> What is required: Every line of the data below should be retyped exactly.

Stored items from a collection
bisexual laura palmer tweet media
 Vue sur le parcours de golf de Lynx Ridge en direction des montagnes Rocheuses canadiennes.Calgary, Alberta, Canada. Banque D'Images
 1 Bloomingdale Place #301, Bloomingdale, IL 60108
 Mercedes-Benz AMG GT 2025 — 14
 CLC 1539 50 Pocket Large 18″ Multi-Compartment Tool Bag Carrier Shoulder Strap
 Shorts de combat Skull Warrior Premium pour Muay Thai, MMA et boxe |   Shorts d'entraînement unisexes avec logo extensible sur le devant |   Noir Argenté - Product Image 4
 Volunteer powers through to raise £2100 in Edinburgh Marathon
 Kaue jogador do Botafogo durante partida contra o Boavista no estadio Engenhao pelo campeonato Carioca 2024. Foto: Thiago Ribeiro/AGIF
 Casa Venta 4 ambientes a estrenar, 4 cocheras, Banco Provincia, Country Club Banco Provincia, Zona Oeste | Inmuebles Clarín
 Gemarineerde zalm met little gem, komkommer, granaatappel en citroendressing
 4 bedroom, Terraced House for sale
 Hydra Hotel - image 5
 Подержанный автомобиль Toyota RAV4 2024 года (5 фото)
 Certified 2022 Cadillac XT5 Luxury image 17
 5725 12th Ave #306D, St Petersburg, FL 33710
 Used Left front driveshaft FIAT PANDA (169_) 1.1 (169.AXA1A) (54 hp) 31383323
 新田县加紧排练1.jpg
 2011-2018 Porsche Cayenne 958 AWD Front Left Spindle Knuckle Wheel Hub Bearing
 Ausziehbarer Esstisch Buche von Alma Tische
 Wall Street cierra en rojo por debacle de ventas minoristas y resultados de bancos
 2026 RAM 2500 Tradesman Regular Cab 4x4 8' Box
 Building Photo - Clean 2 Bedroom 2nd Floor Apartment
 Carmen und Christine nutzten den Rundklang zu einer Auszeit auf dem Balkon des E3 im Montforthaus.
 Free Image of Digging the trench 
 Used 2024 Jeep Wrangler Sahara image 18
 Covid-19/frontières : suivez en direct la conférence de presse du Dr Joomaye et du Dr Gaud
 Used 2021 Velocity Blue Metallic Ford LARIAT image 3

> Exercise response:
bisexual laura palmer tweet media
 Vue sur le parcours de golf de Lynx Ridge en direction des montagnes Rocheuses canadiennes.Calgary, Alberta, Canada. Banque D'Images
 1 Bloomingdale Place #301, Bloomingdale, IL 60108
 Mercedes-Benz AMG GT 2025 — 14
 CLC 1539 50 Pocket Large 18″ Multi-Compartment Tool Bag Carrier Shoulder Strap
 Shorts de combat Skull Warrior Premium pour Muay Thai, MMA et boxe |   Shorts d'entraînement unisexes avec logo extensible sur le devant |   Noir Argenté - Product Image 4
 Volunteer powers through to raise £2100 in Edinburgh Marathon
 Kaue jogador do Botafogo durante partida contra o Boavista no estadio Engenhao pelo campeonato Carioca 2024. Foto: Thiago Ribeiro/AGIF
 Casa Venta 4 ambientes a estrenar, 4 cocheras, Banco Provincia, Country Club Banco Provincia, Zona Oeste | Inmuebles Clarín
 Gemarineerde zalm met little gem, komkommer, granaatappel en citroendressing
 4 bedroom, Terraced House for sale
 Hydra Hotel - image 5
 Подержанный автомобиль Toyota RAV4 2024 года (5 фото)
 Certified 2022 Cadillac XT5 Luxury image 17
 5725 12th Ave #306D, St Petersburg, FL 33710
 Used Left front driveshaft FIAT PANDA (169_) 1.1 (169.AXA1A) (54 hp) 31383323
 新田县加紧排练1.jpg
 2011-2018 Porsche Cayenne 958 AWD Front Left Spindle Knuckle Wheel Hub Bearing
 Ausziehbarer Esstisch Buche von Alma Tische
 Wall Street cierra en rojo por debacle de ventas minoristas y resultados de bancos
 2026 RAM 2500 Tradesman Regular Cab 4x4 8' Box
 Building Photo - Clean 2 Bedroom 2nd Floor Apartment
 Carmen und Christine nutzten den Rundklang zu einer Auszeit auf dem Balkon des E3 im Montforthaus.
 Free Image of Digging the trench 
 Used 2024 Jeep Wrangler Sahara image 18
 Covid-19/frontières : suivez en direct la conférence de presse du Dr Joomaye et du Dr Gaud
 Used 2021 Velocity Blue Metallic Ford LARIAT image 3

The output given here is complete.